Pictures in the listing below are skipped, while the lines from the "Alaskan Native Dog" line through the "antique marquise shaped" line are returned word for word.

§ Exercise inputs
===============
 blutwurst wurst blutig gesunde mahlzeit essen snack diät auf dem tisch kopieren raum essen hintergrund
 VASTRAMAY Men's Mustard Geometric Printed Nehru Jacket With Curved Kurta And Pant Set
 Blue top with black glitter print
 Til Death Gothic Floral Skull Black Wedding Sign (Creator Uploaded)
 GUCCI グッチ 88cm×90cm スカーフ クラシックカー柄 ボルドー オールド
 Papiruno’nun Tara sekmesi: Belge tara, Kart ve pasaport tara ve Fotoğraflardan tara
===============
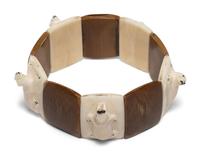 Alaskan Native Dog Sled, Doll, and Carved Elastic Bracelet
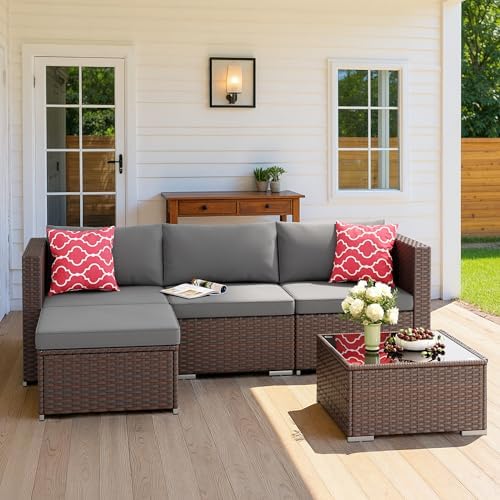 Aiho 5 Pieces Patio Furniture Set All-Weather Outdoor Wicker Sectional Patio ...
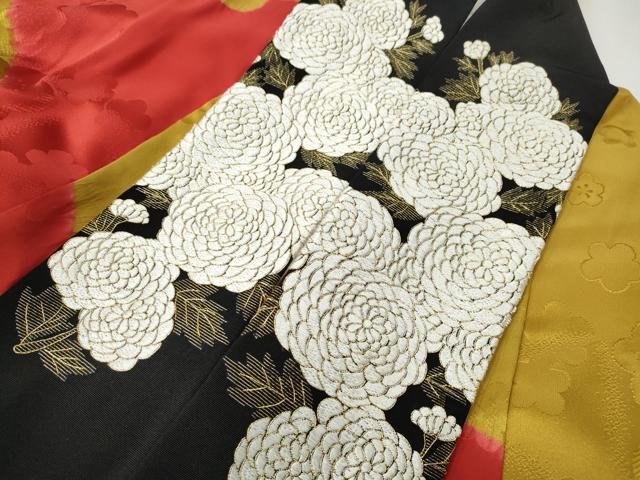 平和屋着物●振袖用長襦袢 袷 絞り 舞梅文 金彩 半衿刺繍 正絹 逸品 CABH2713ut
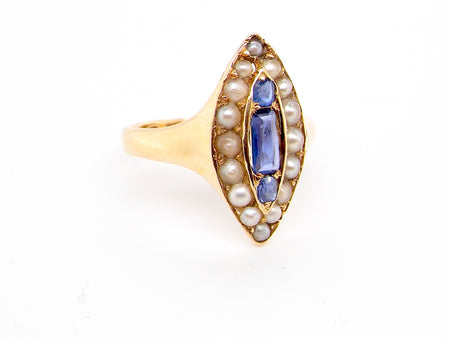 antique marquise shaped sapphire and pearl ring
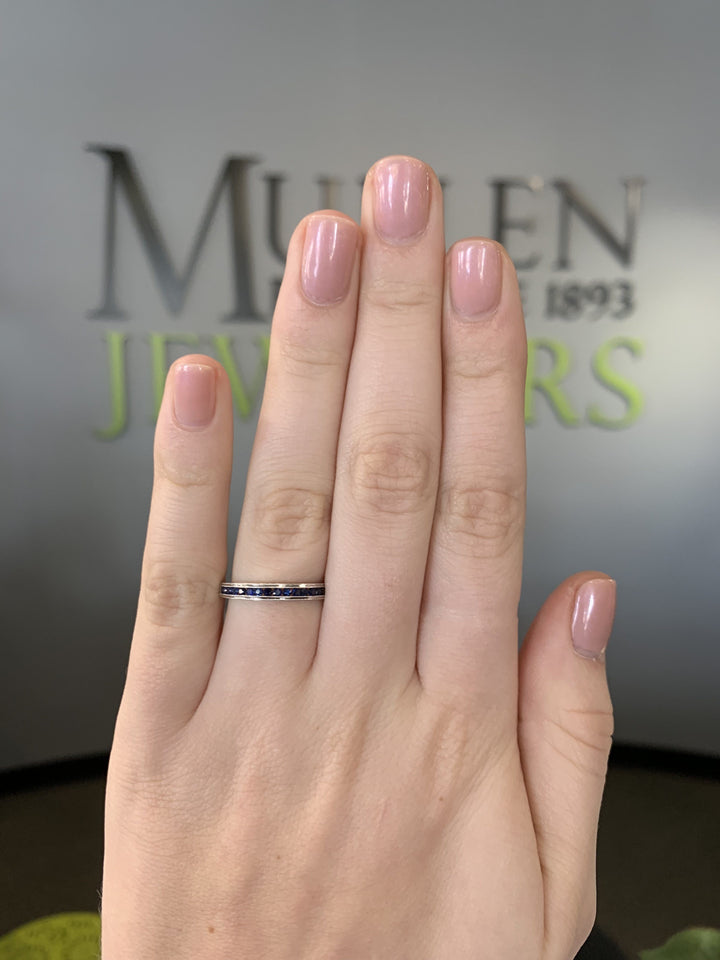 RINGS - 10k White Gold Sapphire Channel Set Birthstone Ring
===============
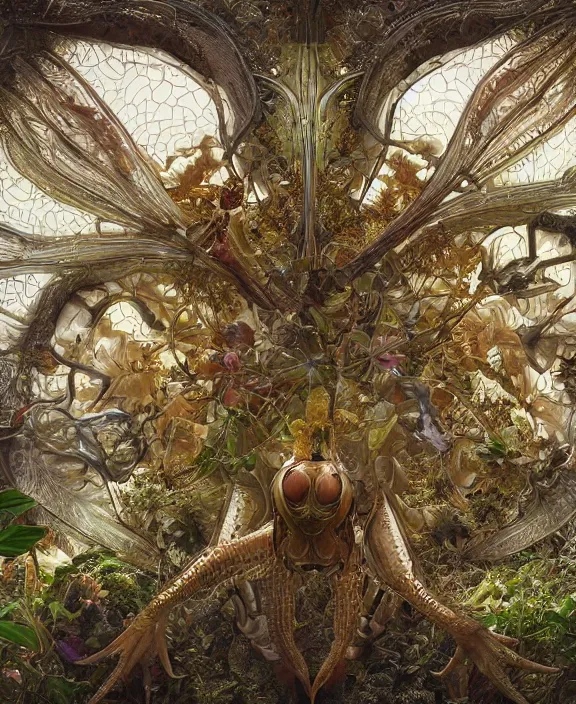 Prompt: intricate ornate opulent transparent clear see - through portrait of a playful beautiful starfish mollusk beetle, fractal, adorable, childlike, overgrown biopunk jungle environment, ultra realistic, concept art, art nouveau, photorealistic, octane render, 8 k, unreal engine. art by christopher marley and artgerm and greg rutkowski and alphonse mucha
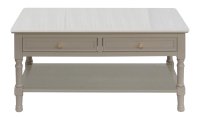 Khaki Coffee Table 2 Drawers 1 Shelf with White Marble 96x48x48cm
===============
§ Result of this exercise
 Alaskan Native Dog Sled, Doll, and Carved Elastic Bracelet
 Aiho 5 Pieces Patio Furniture Set All-Weather Outdoor Wicker Sectional Patio ...
 平和屋着物●振袖用長襦袢 袷 絞り 舞梅文 金彩 半衿刺繍 正絹 逸品 CABH2713ut
 antique marquise shaped sapphire and pearl ring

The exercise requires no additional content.